ESG engagement fund providers, on the other hand, are required to report their proxy voting and engagement with issuers, Tam said. Impact funds must demonstrate the impact they’re making — by reducing their carbon footprint, for example, and explaining how the reduction came about.

“That is a lot of work for the portfolio manager to put together,” he said. “I think we’re seeing less of them because it is a higher bar.”

After so many new funds were released in the past few years, the industry may also have reached a saturation point — at least in terms of existing types of ESG funds.

“Most of us now have the broad-based, best-in-class type of fund on our shelves,” Saghir said. “What will be really interesting is, as taxonomies and disclosure standards emerge, what we’re able to do with that data in terms of more thematic investments.”

The CSA is reconsidering its proposed climate disclosure standards for issuers after the U.S. Securities and Exchange Commission and the International Sustainability Standards Board issued their own proposals. Whenever definitive rules emerge, Saghir said, fund companies will be watching to see how the disclosures can be used in products.

“‘What does that do for the data that we have and what can we create under the theme of climate’ is probably top of mind for many of us,” she said.

Add it all up, and we may be entering a new phase of ESG products.

Tiffany Zhang, an ETF analyst with National Bank Financial Ltd., said many ESG products traditionally resembled broad index products, with low active share.

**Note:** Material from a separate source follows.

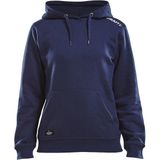Craft Community Hoodie Dames - Marine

But now, she said, “the concept of ESG is becoming more concrete and more tangible.” This means investors now can select themes such as renewable energy, all-female fund-management teams or responsibly sourced gold.

“Investors can really pick and choose what they believe is ESG,” Zhang said.

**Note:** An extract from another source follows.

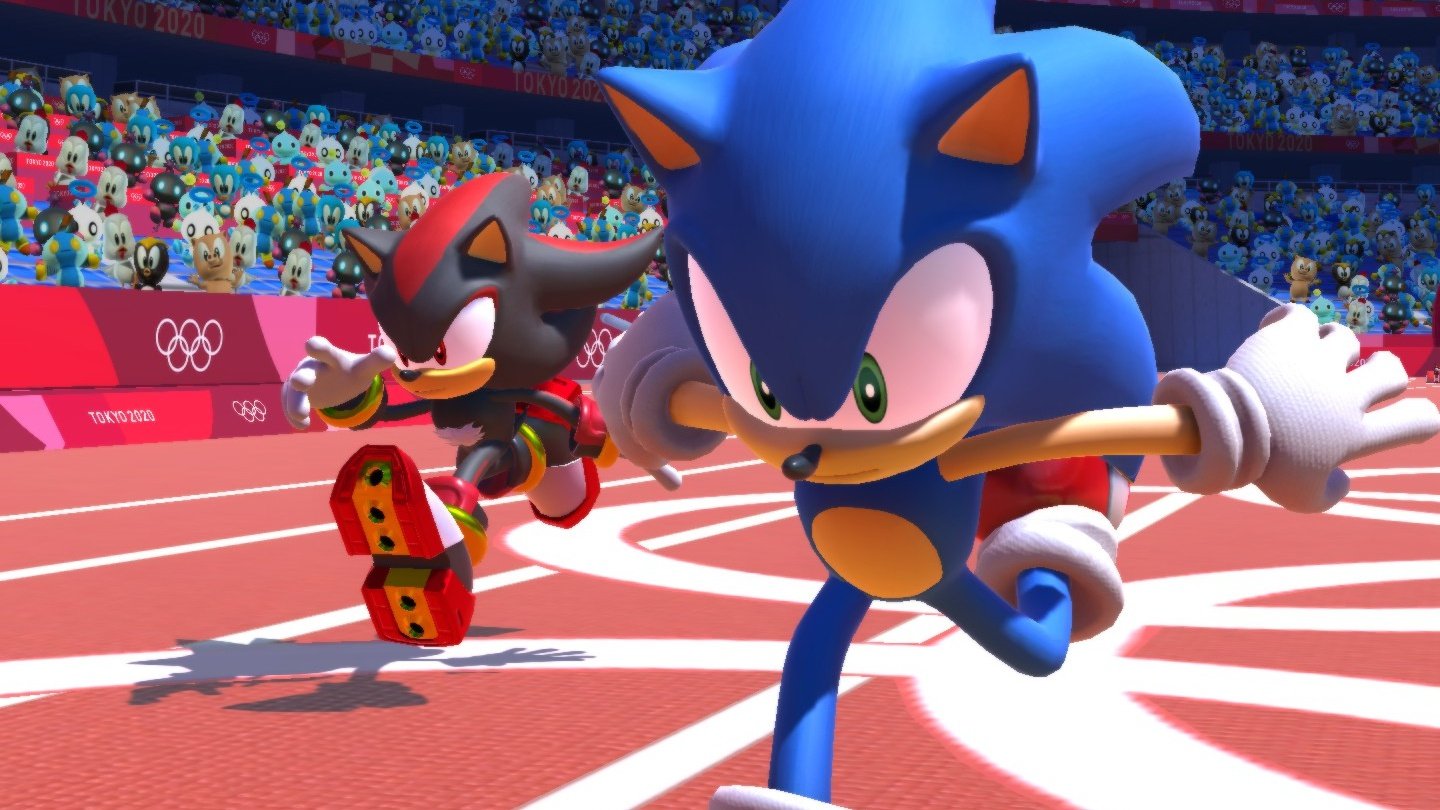 Confira o primeiro trailer de Sonic at the Olympic Games 2020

The only ESG ETFs to launch in Canada this year as of press time were a suite of dividend products from Invesco Canada Ltd. (See “New ESG funds pay dividends”.)

Saghir said she expects to see more products released with a specific focus.

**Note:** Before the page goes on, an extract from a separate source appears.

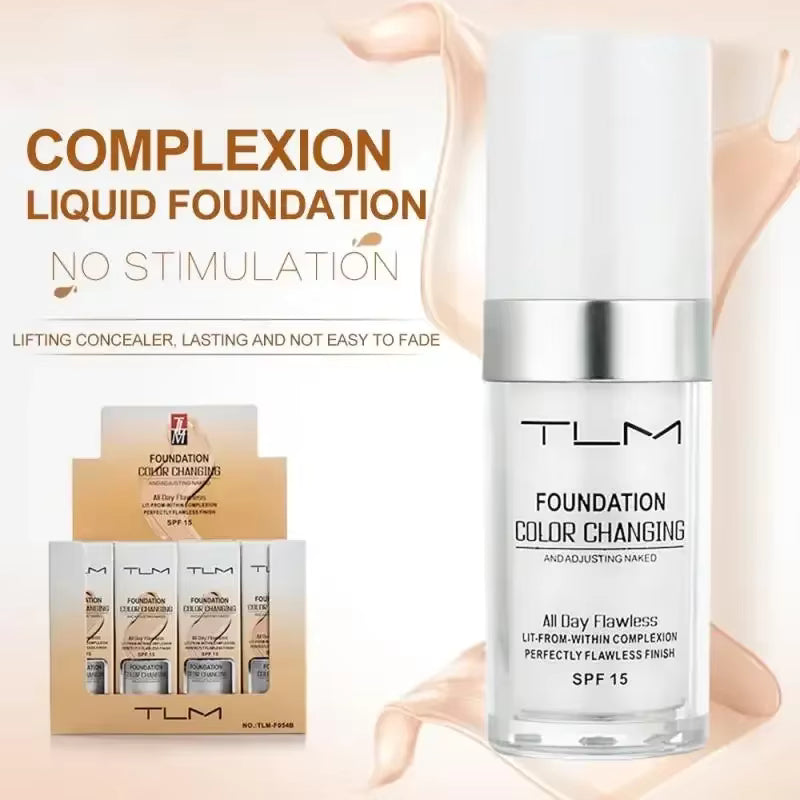 Glow Perfecting Face Serum – Pre-Foundation Primer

“I don’t know if we have the building blocks to build a truly diversified [ESG] portfolio today,” she said. “I imagine there’s going to be launches that fill some of those gaps.”

Meanwhile, the CIFSC classification may help advisors sort through the hundreds of products available, but conversations with your clients about what ESG means to them will remain important.

Charles Provost, wealth advisor with the Vo-Dignard Provost Wealth Management Group at National Bank Financial Wealth Management in Montreal, said his team doesn’t limit itself to funds marketed as ESG when constructing sustainable portfolios for clients.

“What we’ve found is that some funds are marketed as ESG but when you dig deep, you see that it’s maybe not perfect,” he said. “On the opposite side, there are funds not marketed as ESG funds but they fit into our criteria. We don’t exclude the rest and we don’t only focus on ESG-marketed products.”